You are viewing a plain text version of this content. The canonical link for it is here.
Posted to dev@stanbol.apache.org by Rupert Westenthaler <ru...@gmail.com> on 2011/06/03 08:10:20 UTC

Generic RDF indexing configuration and indexing of IPTC news Codes (was: How to add an rdf/skos file in entity hub)

Hi

As part on the work at STANBOL-187 [1] I extended the Entityhub
Indexing tool with two new features:

1. The Indexing Utility now an OSGI bundle that contains all the
configurations needed to configure instances of the components
necessary to add the indexed dataset to the entityhub. Together with
the BundleInstaller extension [2] to the Sling Installer this allows
to install those Services easily by adding this bundle the an OSGI
environment running the Apache Stanbol Entityhub.
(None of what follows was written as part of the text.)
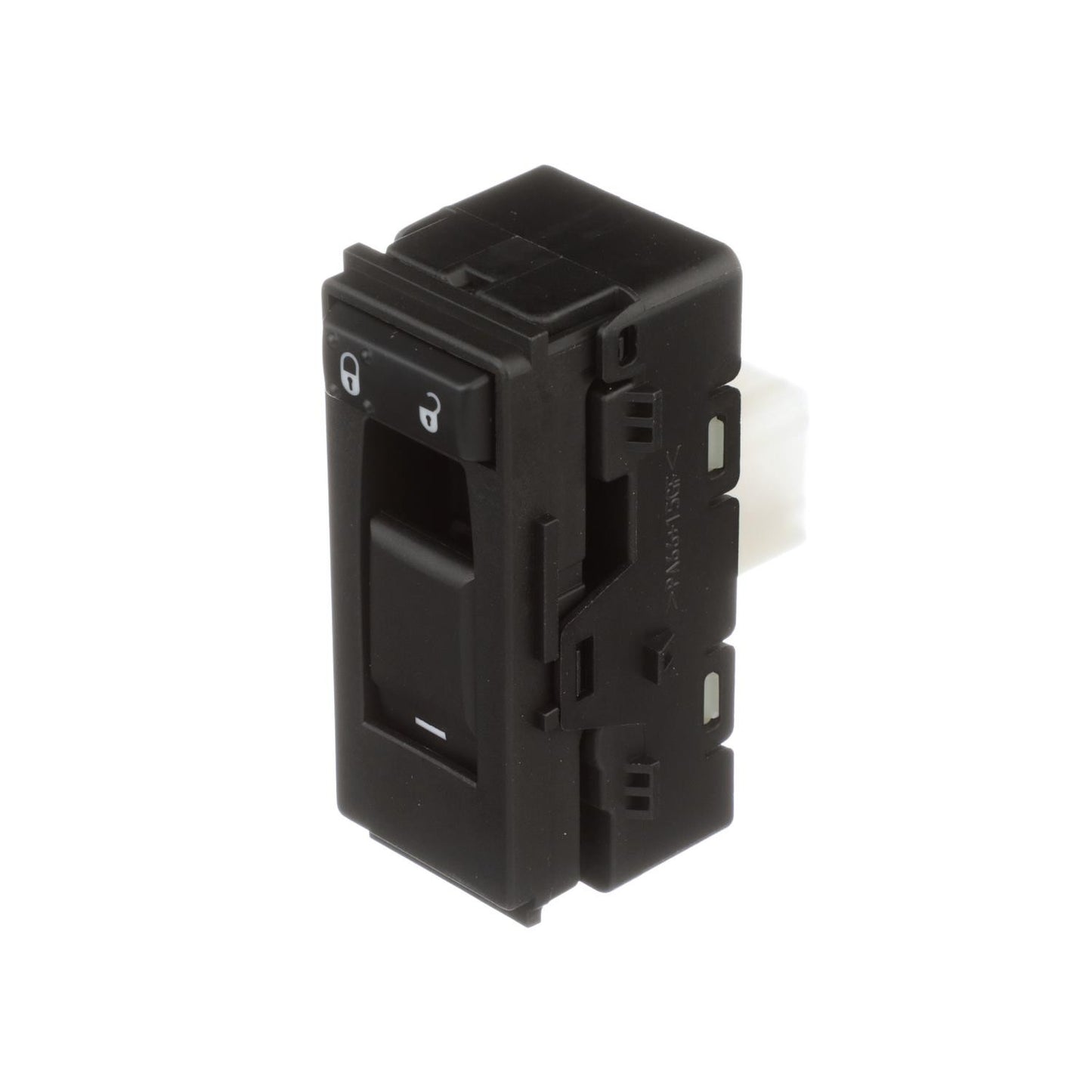 Angle View of Front Right Door Window Switch STANDARD IGNITION DWS-1380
2. I am added a generic configuration for RDF files [3]. See the
README.md for more details. Especially It also includes useful
mappings  "mapping.txt" for a lot of common Ontologies (RDF, RDFS,
OWL, DC elements and terms, SKOS ...)

To test the generic RDF configuration I used the IPTC NewsCodes
(http://www.iptc.org/site/NewsCodes/). During that work I discovered
that the SKOS versions include several errors that need to be
corrected. In addition the usage of the "Accept-Language" header makes
it also challenging (for normal users) to download the controlled
vocabulary in all available languages.

So if someone is interested to use the IPTC NewsCodes you can download
this example form [4]. This archive contains:

* README.md with detailed information on the necessary changes to IPTC
SKOS files, the creation of the index and the installation of the
index
* indexing.properties file with the data for IPTC. For all the other
configurations the defaults of the generic RDF indexer are used.
* The corrected SKOS files for the six "Descriptive NewsCodes".
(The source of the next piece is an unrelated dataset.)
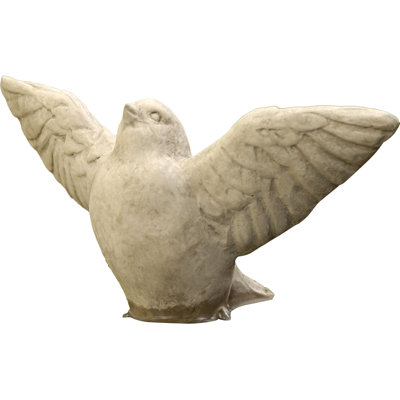 Bird Dove Garden Statue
I have not (yet) added this to Stanbol, because I am not sure the
License used by the IPTC [5] is compatible with Apache and adding this
without the SKOS files makes not really sense as long as the original
versions contain the errors as mentioned above.

best
Rupert Westenthaler

[1] https://issues.apache.org/jira/browse/STANBOL-187
[2] https://issues.apache.org/jira/browse/STANBOL-140
[3| http://svn.apache.org/repos/asf/incubator/stanbol/trunk/entityhub/indexing/genericrdf/
[4] http://www.salzburgresearch.at/~rwesten/stanbol/stanbol-entityhub-iptc-indexing-config.zip
[5] http://www.iptc.org/goto/ipp

---------- Forwarded message ----------
From: florent andré <fl...@4sengines.com>
Date: Wed, Jun 1, 2011 at 6:38 PM
Subject: Re: How to add an rdf/skos file in entity hub
To: stanbol-dev@incubator.apache.org


Sweeeeeeet ! :) Looking forward to try this out.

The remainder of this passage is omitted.